Digital Photography Review


----------



## snowbear (Oct 1, 2012)

(delete - misunderstood)


----------



## KmH (Oct 1, 2012)

They aren't different technologies. The 91,000 pixel 3D RGB sensor is just more sensitive and more accurate than the entry-level grade - 2016 pixel RGB metering sensor. The greatly expanded pixel count also benefits face-recognition, auto white balance, and iTTL flash.
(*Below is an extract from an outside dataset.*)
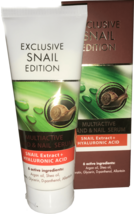 Exclusive Snail Edition Multiactive Hand&amp;Nail Serum Snail Extract+Hyaluron 75ml - £4.77 GBP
The 2016 pixel sensor first appeared on the D7000.


> D7000 from Nikon
> *Ground-breaking 2,016-pixel RGB (3D Color Matrix) sensor* delivers more accurate control of light metering and optimizes the Scene Recognition System for exposure, white balance, focus tracking and iTTL flash control


Note that the AF modules are also different, and that Nikon makes it possible to tie the Spot metering point to a selected focus point. So, Nikon cameras like the D800 that have the Multi-CAM 3500, 51 point, 15 cross-type AF module also offer more options for Spot metering. The D600 uses the Multi-CAM 4800DX 39 point, 9 cross-type AF module that was also introduced with the D7000.


----------



## Derrel (Oct 1, 2012)

Although the D7000 and the D600 share a lot of things, according to Nikon, the AF system in the D600 has been altered from that in the D7000. As far as the 91,000 pixel RGB sensor in the D800...and the lower-count on in the D600---A CAMERA COMPANY CAN'T MAKE THE SPECIFICATIONS seem too "samey-samey"...there needs to be a few "*spec differences*" to justify the higher-priced equipment.

See the interview with Nikon Europe's product manager for professional imaging, Dirk Jasper, published on dPreview Sept 20,2012, here:Photokina 2012: Interview - Dirk Jasper of Nikon: Digital Photography Review

As he states, the AF system of the D600 works down to f/8; that is NOT the case with the AF system of the D7000. The D600 also focuses down to MINUS 3 EV...incredible...


----------